CRISPR/Cas9-Mediated Targeted DNA Integration: Rearrangements at the Junction of Plant and Plasmid DNA

Abstract

Targeted DNA integration into known locations in the genome has potential advantages over the random insertional events typically achieved using conventional means of genetic modification. We studied the presence and extent of DNA rearrangements at the junction of plant and transgenic DNA in five lines of Arabidopsis thaliana suspension cells carrying a site-specific integration of target genes. Two types of templates were used to obtain knock-ins, differing in the presence or absence of flanking DNA homologous to the target site in the genome. For the targeted insertion, we selected the region of the histone H3.3 gene with a very high constitutive level of expression. Our studies showed that all five obtained knock-in cell lines have rearrangements at the borders of the integrated sequence. Significant rearrangements, about 100 or more bp from the side of the right flank, were found in all five plant lines. Reorganizations from the left flank at more than 17 bp were found in three out of five lines. The fact that rearrangements were detected for both variants of the knock-in template (with and without flanks) indicates that the presence of flanks does not affect the occurrence of mutations.

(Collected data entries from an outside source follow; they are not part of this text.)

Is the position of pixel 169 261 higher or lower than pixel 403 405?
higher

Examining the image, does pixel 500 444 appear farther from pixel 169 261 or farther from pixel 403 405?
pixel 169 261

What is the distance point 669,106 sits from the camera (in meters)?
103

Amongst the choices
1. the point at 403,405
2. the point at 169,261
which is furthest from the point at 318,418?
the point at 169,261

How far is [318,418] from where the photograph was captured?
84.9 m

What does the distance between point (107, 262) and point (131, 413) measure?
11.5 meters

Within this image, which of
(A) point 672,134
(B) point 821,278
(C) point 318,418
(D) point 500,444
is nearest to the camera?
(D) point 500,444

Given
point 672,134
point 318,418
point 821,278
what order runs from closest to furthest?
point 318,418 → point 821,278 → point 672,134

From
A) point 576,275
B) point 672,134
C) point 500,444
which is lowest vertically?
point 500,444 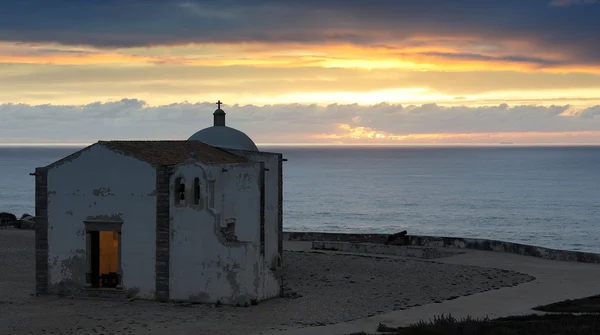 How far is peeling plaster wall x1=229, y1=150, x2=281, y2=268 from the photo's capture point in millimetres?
39156

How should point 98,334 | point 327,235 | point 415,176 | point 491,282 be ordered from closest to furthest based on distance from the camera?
1. point 98,334
2. point 491,282
3. point 327,235
4. point 415,176

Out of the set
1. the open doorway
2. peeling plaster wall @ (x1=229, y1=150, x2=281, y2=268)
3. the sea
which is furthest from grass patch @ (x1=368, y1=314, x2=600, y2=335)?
the sea

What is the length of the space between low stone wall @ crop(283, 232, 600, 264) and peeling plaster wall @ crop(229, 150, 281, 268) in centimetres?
1092

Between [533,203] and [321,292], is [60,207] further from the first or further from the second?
[533,203]

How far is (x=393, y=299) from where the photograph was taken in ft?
108

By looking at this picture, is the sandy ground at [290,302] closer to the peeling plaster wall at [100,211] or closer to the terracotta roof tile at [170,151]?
the peeling plaster wall at [100,211]

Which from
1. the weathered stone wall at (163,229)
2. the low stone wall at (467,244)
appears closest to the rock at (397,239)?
the low stone wall at (467,244)

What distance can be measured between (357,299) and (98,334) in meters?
9.86

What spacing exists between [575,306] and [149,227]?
48.0 ft

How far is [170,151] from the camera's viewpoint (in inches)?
1384

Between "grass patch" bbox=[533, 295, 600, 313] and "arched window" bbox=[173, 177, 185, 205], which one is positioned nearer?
"grass patch" bbox=[533, 295, 600, 313]

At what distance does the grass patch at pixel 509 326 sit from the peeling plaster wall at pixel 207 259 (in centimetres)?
611

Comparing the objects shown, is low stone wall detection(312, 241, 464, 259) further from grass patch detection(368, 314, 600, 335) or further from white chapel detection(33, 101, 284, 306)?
grass patch detection(368, 314, 600, 335)

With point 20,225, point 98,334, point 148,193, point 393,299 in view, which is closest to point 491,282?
point 393,299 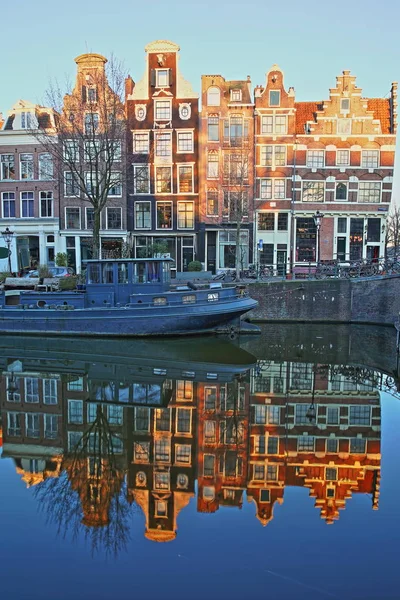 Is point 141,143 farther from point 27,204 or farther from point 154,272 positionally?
point 154,272

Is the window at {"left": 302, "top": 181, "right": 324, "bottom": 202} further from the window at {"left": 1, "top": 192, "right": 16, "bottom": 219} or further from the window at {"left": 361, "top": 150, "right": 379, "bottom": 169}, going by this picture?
the window at {"left": 1, "top": 192, "right": 16, "bottom": 219}

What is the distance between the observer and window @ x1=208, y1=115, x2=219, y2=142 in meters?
38.5

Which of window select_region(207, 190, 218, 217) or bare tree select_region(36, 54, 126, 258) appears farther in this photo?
window select_region(207, 190, 218, 217)

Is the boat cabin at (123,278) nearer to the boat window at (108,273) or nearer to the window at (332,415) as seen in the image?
the boat window at (108,273)

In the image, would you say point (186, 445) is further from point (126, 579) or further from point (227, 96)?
point (227, 96)

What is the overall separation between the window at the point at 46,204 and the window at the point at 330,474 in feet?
116

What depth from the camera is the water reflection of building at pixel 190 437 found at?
8.34 metres

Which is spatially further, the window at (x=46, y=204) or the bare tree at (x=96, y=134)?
the window at (x=46, y=204)

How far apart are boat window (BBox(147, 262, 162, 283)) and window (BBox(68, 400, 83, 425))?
33.2 ft

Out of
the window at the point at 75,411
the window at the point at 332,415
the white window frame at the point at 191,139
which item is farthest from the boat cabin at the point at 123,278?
the white window frame at the point at 191,139

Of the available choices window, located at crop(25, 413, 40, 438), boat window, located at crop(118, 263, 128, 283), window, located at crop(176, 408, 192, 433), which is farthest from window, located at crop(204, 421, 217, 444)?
boat window, located at crop(118, 263, 128, 283)

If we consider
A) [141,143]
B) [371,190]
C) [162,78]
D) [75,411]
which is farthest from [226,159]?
[75,411]

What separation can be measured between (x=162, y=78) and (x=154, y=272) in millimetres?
22456

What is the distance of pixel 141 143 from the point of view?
39000mm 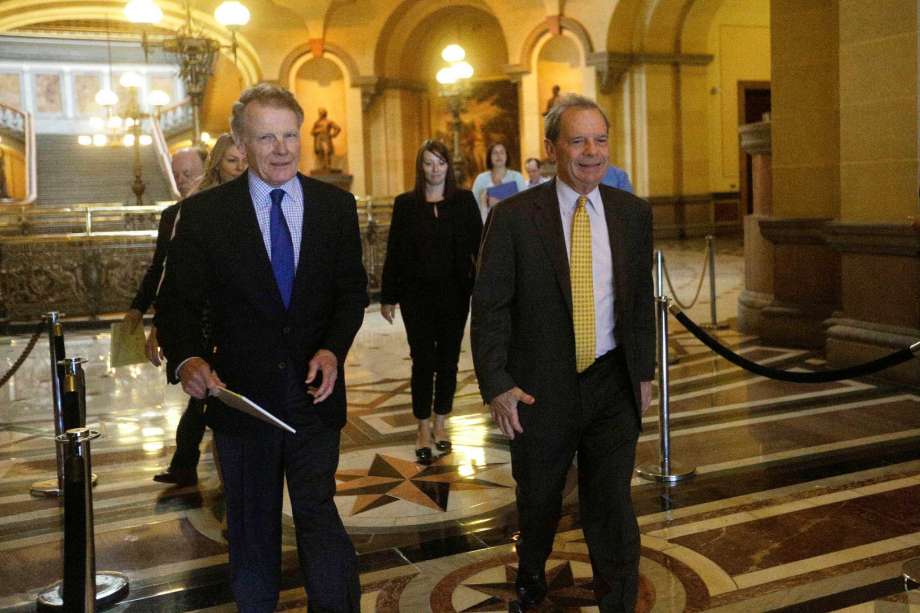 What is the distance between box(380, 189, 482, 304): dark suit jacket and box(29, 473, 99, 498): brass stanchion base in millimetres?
1805

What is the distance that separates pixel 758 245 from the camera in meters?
8.60

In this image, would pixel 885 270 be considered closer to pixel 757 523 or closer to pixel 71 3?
pixel 757 523

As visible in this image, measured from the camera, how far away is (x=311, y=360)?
2645 millimetres

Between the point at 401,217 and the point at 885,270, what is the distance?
345cm

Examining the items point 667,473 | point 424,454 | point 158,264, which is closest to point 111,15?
point 424,454

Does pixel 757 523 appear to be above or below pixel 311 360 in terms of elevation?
below

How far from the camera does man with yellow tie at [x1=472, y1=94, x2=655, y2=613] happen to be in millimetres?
2816

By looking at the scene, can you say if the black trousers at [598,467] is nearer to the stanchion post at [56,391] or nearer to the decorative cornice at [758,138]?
the stanchion post at [56,391]

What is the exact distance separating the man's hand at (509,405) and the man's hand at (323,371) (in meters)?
0.48

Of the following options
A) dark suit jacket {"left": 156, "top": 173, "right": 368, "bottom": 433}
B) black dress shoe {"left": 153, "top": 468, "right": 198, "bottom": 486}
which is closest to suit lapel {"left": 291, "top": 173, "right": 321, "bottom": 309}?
dark suit jacket {"left": 156, "top": 173, "right": 368, "bottom": 433}

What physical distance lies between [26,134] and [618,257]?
29.0 meters

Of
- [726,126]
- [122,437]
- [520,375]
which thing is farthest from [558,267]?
[726,126]

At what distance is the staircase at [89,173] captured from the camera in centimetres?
2734

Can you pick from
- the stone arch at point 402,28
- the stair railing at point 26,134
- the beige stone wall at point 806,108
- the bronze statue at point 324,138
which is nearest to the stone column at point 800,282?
the beige stone wall at point 806,108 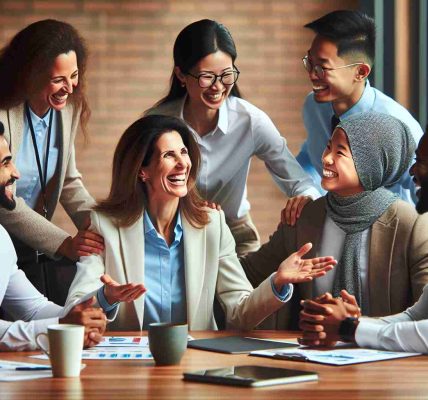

Keywords: Arabidopsis; HDR; NHEJ; gene editing; knock-in.

Figure 1

The general scheme for obtaining lines with knock-in. Designations: nptII, neomycin phosphotransferase II gene providing plant cell resistance to kanamycin; dIFN, DNA sequence encoding the target dIFN protein; LF and RF, left and right flanking sequences homologous to the corresponding regions in the A. thaliana genome; sgRNA—single guide RNA gene; Cas9—endonuclease Cas9 gene; bar—phosphinothricin resistance gene; 12 KDa MSP—12 kDa subunit of microsomal signal peptidase (At4g40042) gene of A. thaliana; H3.3 histone—histone H3.3 gene HTR5 (At4g40040) of A. thaliana; NHEJ—non-homologous end joining; HDR—homologous directed repair.

Figure 2

Diagrams of genetic constructs for delivery of the dIFN gene to the region of the histone H3.3 gene. Designations: LF and RF, left and right flanking sequences homologous to the corresponding regions in the A. thaliana genome (intergenic region before the H3.3 histone gene); P1-P-NOS promoter of Agrobacterium tumefaciens nopaline synthase; P2, CaMV35S promoter of the cauliflower mosaic virus; nptII, neomycin phosphotransferase II gene providing plant cell resistance to kanamycin; S, is the DNA sequence encoding the leader signal of the carrot extensin gene, which ensures the transport of deltaferon into the apoplast; dIFN, DNA sequence encoding the target dIFN protein; GST, DNA sequence encoding a tag for protein affinity purification; sgRNA—Cas9 endonuclease recognition sites identical to the recognition site in the intergenic region upstream of the A. thaliana histone H3.3 gene, for excision of the construct from the plasmid in the cell.

Figure 3

Mutual arrangement of primers and restriction endonucleases used for the analysis of plant and plasmid DNA junctions. Designations: LB and RB, left and right borders of plant DNA; P1-P-NOS promoter of A. tumefaciens nopaline synthase; P2, CaMV35S promoter of the cauliflower mosaic virus; nptII, neomycin phosphotransferase II gene providing plant cell resistance to kanamycin; S is the DNA sequence encoding the leader signal of the carrot extensin gene, which ensures the transport of deltaferon into the apoplast; dIFN, DNA sequence encoding the target dIFN protein; Lo_plan3, Up_H3.3, Up_H3.3_1—primers used to identify the left border of the knock-in, the sizes of the resulting fragments are indicated above the arrows in bp; UpINS9178 (A), UpINS9368 (B), UpINS9525 (C), Lo10714 (D), Lo11187 (E), Lo11345 (F)—primers used to identify the right border of the knock-in by direct PCR, the sizes of the resulting fragments are indicated above the arrows in bp; MfeI, AsuII—restriction sites of enzymes used for the inverted PCR method, the size of restriction fragments is indicated in bp; BclI1, BclI2, BclI3, BclI4—primers used for inverted PCR.